1. The judgment in question was based upon a written personal guarantee of the debtor’s obligations to Merchants which had been given to Merchants in 1973 by Mr. Glatzer and Rocco Scappatura, a former officer of the debtor before Glatzer and Scappatura had a falling out and before Glatzer had been locked out of the debtor’s premises. After regaining control of the debtor, Glatzer unsuccessfully litigated his defense to Merchants’ state court action against him, which generally involved a denial of liability and allegations that Merchants renewed their loan to the debtor while Glatzer was locked out of the debtor’s premises and that Merchants relied solely upon Scappatura’s guarantee because the renewal was requested by Scap-patura, who was then in control of the debtor. On December 13, 1978, the Civil Court of the City of New York rejected Glatzer’s defenses and awarded a judgment in favor of Merchants in the sum of $10,300.00. By notice of appeal, dated January 8, 1979, Glatzer appealed Merchants’ judgment in the Appellate Term of the Supreme Court, State of New York, First Department. By order dated March 15, 1984, the Appellate Term dismissed Glat-zer’s appeal on the- ground that it had been delayed for more than five years since the filing of the notice of appeal. Accordingly, the judgment is now final so that the underlying merits may not now be relitigated in this court. It further appears that Merchants has collected $6000.00 from Rocco Scappatura, the other co-guarantor, and that the outstanding balance, together with interest and costs, amounts to approximately $8,800.00.

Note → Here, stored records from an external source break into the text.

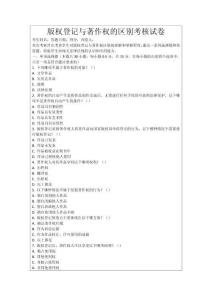 版權(quán)登記與著作權(quán)的區(qū)別考核試卷
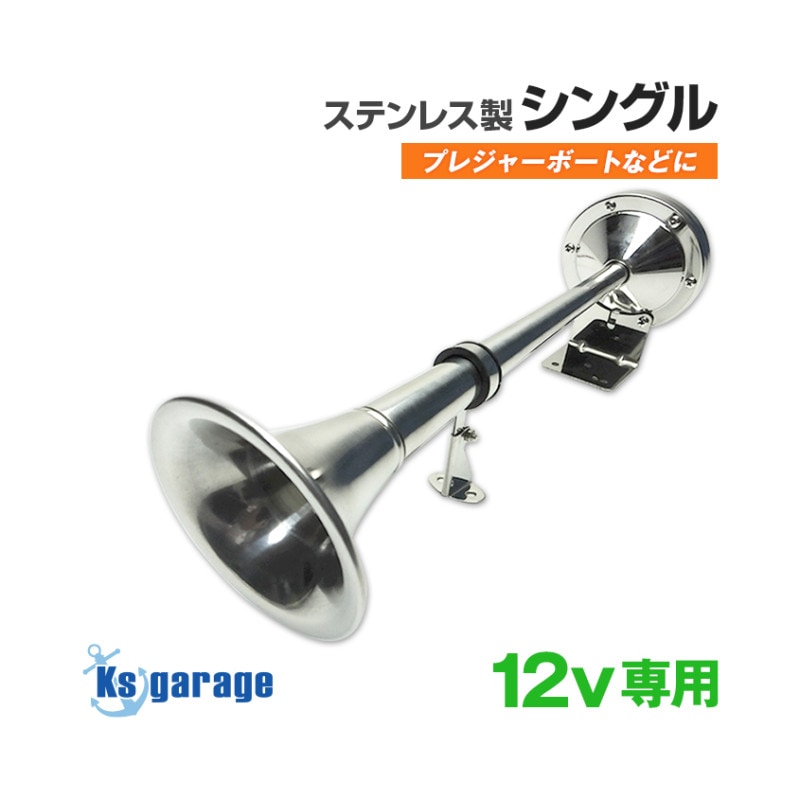 DC12v専用 ステンレス製 トランペット電子ホーン (シングルタイプ)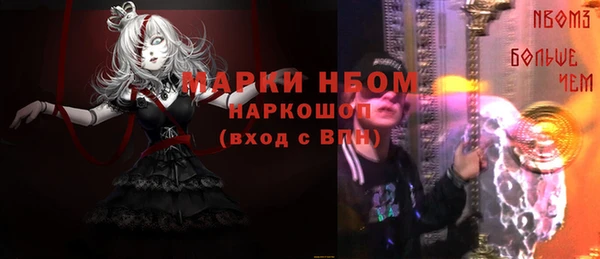 дживик Новодвинск
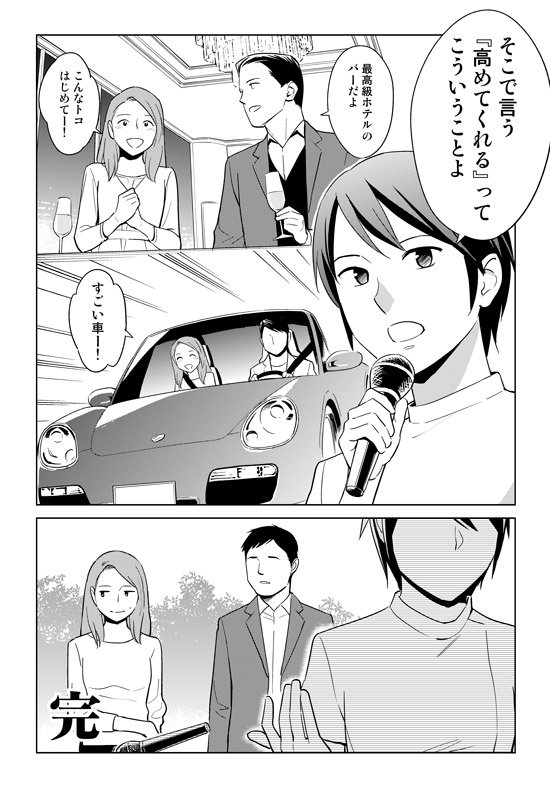 「高めてくれる人が好き」という言葉の本当の意味。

2. The Chapter XI debtor in this case, EBC, has had a long and active involvement in this court since it filed its first Chapter XI petition on February 18, 1976. Much; of the debtor’s Chapter XI history was summarized by the Second Circuit Court of Appeals in Matter of Emergency Beacon Corp., 666 F.2d 754 (2d Cir.1981) and need not be repeated in view of the fact that the debtor’s past trials and tribulations are not now relevant to the instant matter. Suffice it to say that on March 30, 1984 this court finally signed an order confirming EBC’s plan of reorganization that had previously been accepted by the requisite majority of creditors. The plan calls for a repayment to unsecured creditors of one and one-half percent per year for seven years, totalling ten and one-half percent, plus a distribution of one share of common stock for each ten dollars of debt. The debtor agrees to pay on this stock an annual dividend of five percent of its gross annual sales divided by the total number of outstanding shares. The debtor estimates that this dividend will approximate ten cents per share per annum.

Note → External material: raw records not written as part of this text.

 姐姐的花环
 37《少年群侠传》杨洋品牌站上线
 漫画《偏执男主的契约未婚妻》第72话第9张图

3. Glatzer maintains that EBC’s survival is dependent on him and that “to allow the Merchants Bank to proceed with its judgment against Glatzer will impair EBC’s ability to carry out its Plan of Arrangement.” Glatzer clearly established at the hearing that he was the founder and guiding force behind the debtor’s economic progress. His scientific knowledge and expertise are essential to the survival of EBC. His full-time services, which have been contributed without pay, are vital to the continued success of EBC, whose main product line includes an emergency locator transmitter generally employed in airplanes for purposes of locating downed planes and rescuing pilots and passengers. Indeed, it appears that EBC’s beacon is the only emergency locator transmitter available for helicopters in the retrieval of downed helicopter crews. Undoubtedly, it is in the public interest that EBC’s survival should be encouraged.

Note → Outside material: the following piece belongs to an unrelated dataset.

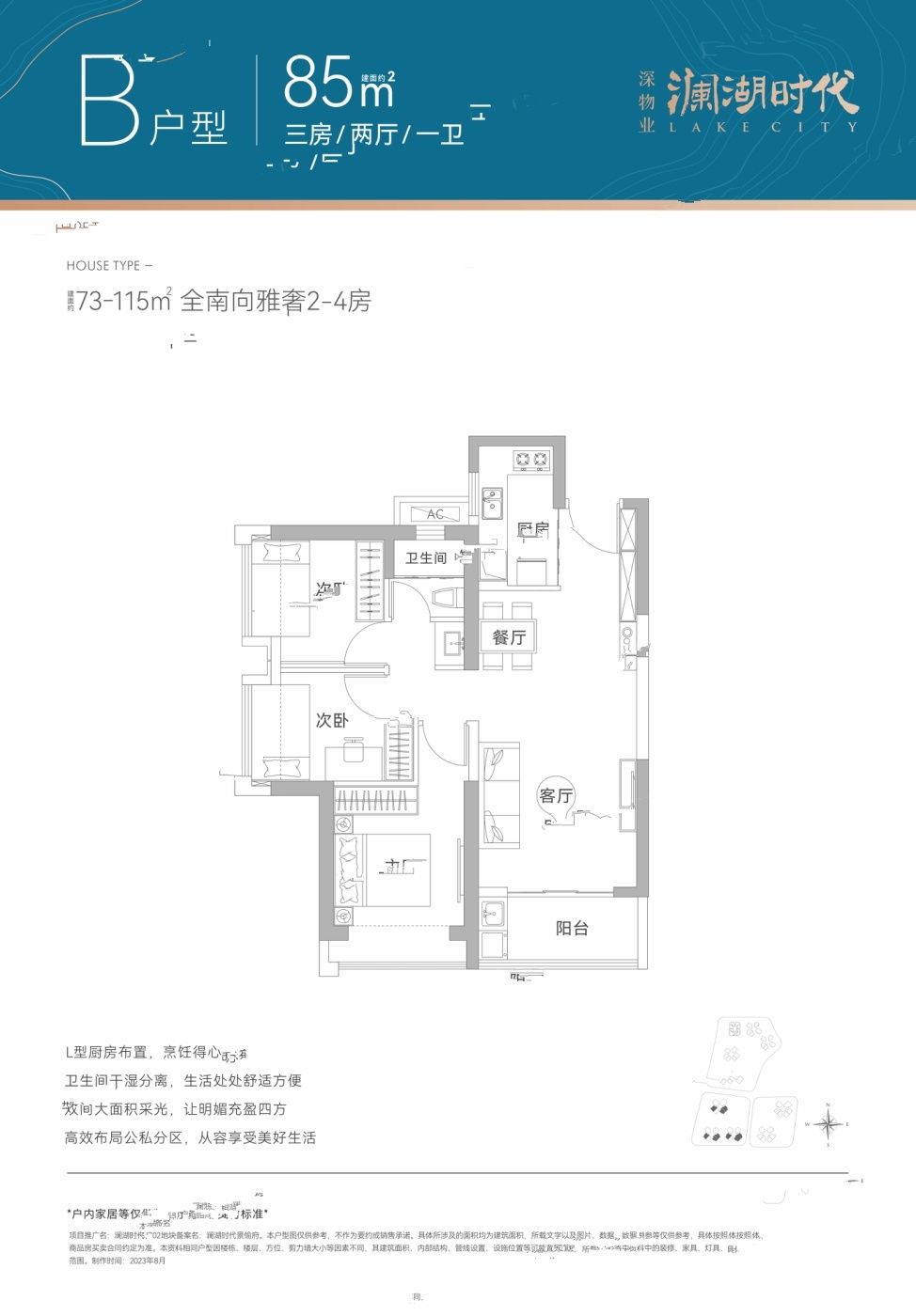 深物业澜湖时代3室2厅1卫85㎡户型图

4. However, there was no proof that any of the attached funds and proceeds from wedding gifts maintained by Glatzer and his wife in their personal bank account inured in any way to the corporate debtor’s benefit or that such funds were to be used in satisfaction of EBC’s confirmed plan of arrangement. Manifestly, there is no factual basis for regarding such funds as property of the debtor’s estate for jurisdic-. tional purposes or directly relevant to the survival of EBC. There was no proof that Glatzer used these funds for living expenses in lieu of a salary from the debtor. On the contrary, it appears that Glatzer’s income is derived from his interest in Superior Electronics Corporation, a nondebtor entity that manufactures component parts for EBC’s beacon pursuant to a court-authorized contract.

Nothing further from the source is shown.